Chuck Sturtevant works as a documentary filmmaker and researcher in Bolivia, focusing on indigenous economic practices and the relationship between ethnicity and citizenship in the country’ lowlands. He holds an MPhil in Ethnographic Documentary from the University of Manchester’s Granada Centre for Visual Anthropology and is currently pursuing a PhD at the University of Aberdeen’s Centre for Citizenship, Civil Society and Rule of Law. His most recent film, Habilito: Debt for Life, is available from the Royal Anthropological Institute.

Nathalie Koc-Menard received her PhD in Socio-Cultural Anthropology from the University of Michigan- Ann Arbor and worked as Research Associate at the Centre for Latin American Studies, Cambridge University, between 2011 and 2013. At present she is a Lecturer at the Universidad Catolica del Peru, where she studies rural Quechua communities and the ways in which they are discriminated through the use of categories like “marginality”, which have become race euphemisms in the discourses of the state, NGOs and social science researchers.

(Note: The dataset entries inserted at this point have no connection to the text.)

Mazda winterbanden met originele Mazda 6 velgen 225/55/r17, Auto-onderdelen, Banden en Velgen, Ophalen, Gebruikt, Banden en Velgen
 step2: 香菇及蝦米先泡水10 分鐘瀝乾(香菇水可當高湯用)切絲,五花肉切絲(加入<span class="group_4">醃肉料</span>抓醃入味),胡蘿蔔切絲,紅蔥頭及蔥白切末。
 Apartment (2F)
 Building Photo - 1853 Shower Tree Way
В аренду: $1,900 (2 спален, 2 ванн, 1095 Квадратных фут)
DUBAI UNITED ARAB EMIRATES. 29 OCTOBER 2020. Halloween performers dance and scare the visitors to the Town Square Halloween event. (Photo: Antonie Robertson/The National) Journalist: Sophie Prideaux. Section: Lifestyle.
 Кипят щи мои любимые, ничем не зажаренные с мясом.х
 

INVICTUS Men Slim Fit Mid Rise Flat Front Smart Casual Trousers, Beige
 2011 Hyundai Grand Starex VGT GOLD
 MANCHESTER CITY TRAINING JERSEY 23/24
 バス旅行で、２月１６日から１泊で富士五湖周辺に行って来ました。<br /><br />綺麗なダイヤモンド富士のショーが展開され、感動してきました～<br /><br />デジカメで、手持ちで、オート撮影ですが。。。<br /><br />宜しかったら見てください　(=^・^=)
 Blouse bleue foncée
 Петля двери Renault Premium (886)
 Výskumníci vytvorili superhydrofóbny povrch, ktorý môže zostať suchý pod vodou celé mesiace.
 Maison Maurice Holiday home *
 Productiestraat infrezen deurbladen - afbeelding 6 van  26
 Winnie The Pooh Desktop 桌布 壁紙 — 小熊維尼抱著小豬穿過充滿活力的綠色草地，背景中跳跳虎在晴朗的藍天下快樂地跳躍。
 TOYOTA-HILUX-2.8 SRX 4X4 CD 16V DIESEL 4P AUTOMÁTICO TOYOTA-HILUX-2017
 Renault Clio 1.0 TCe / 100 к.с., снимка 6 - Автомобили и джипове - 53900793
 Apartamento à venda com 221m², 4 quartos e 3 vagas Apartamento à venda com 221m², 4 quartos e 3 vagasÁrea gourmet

Sarah Quesada is an advanced doctoral candidate in the Department of Iberian and Latin American Cultures at Stanford University. She specializes in Luso-Hispanic, Afro-Caribbean and U.S. Latino/a literature and film. A recipient of the Center for Africa Studies Research Fellowship for fieldwork in West Africa, her dissertation focuses on the negotiation and uneven distribution of transatlantic memory.

Emilio del Valle Escalante (K’iche’ Maya, Iximulew) is associate Professor of Spanish at the University of North Carolina in Chapel Hill. He is the author of Maya Nationalisms and Postcolonial Challenges in Guatemala (School for Advanced Research, 2009).